## DATA SECTION
------------------------------------------------------------

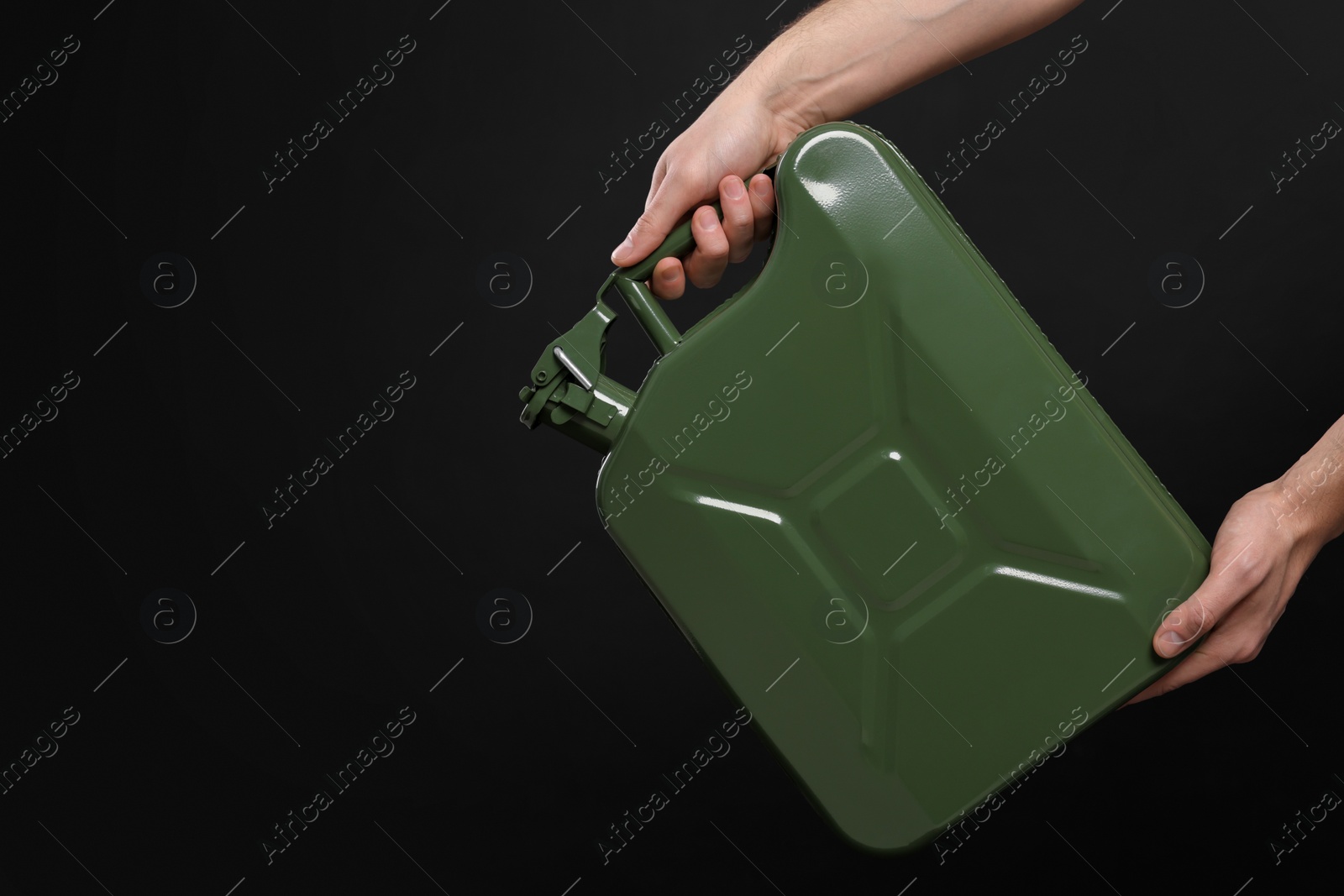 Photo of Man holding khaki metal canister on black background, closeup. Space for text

------------------------------------------------------------

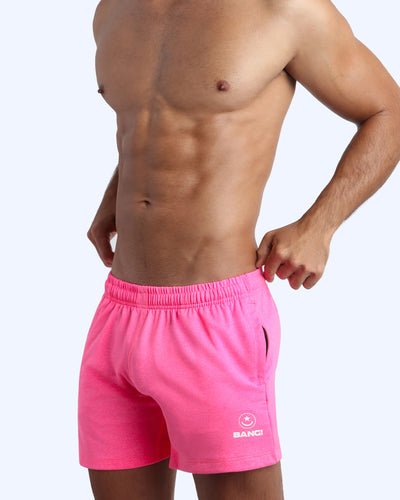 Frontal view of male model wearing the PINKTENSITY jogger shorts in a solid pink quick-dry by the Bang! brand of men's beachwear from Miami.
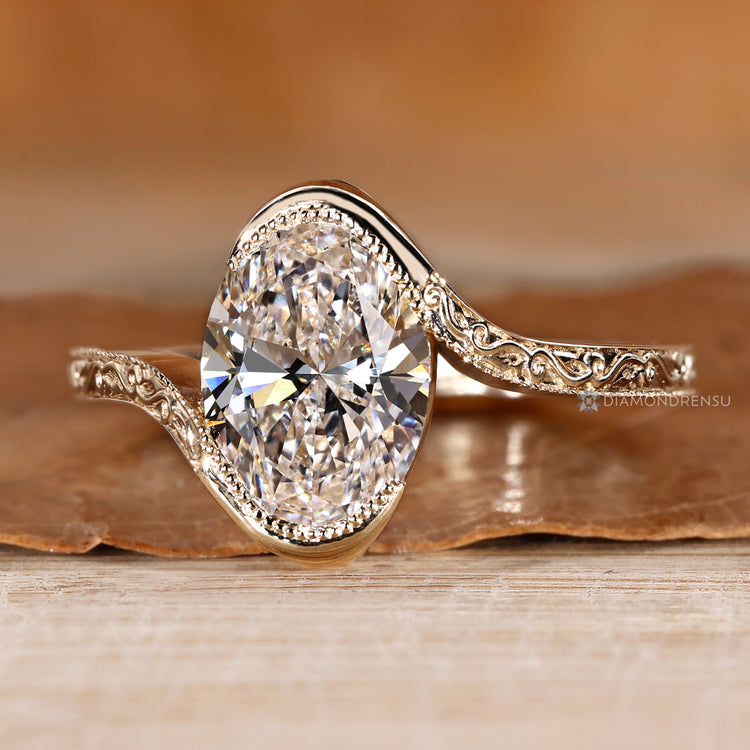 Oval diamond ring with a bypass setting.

------------------------------------------------------------

## TASK DETAILS
Write out exactly the lines above between the one with "Frontal view of" and the one with "Oval diamond ring with a bypass setting.", inclusive, with pictures left out.

## ANSWER SPACE
 Frontal view of male model wearing the PINKTENSITY jogger shorts in a solid pink quick-dry by the Bang! brand of men's beachwear from Miami.
 Oval diamond ring with a bypass setting.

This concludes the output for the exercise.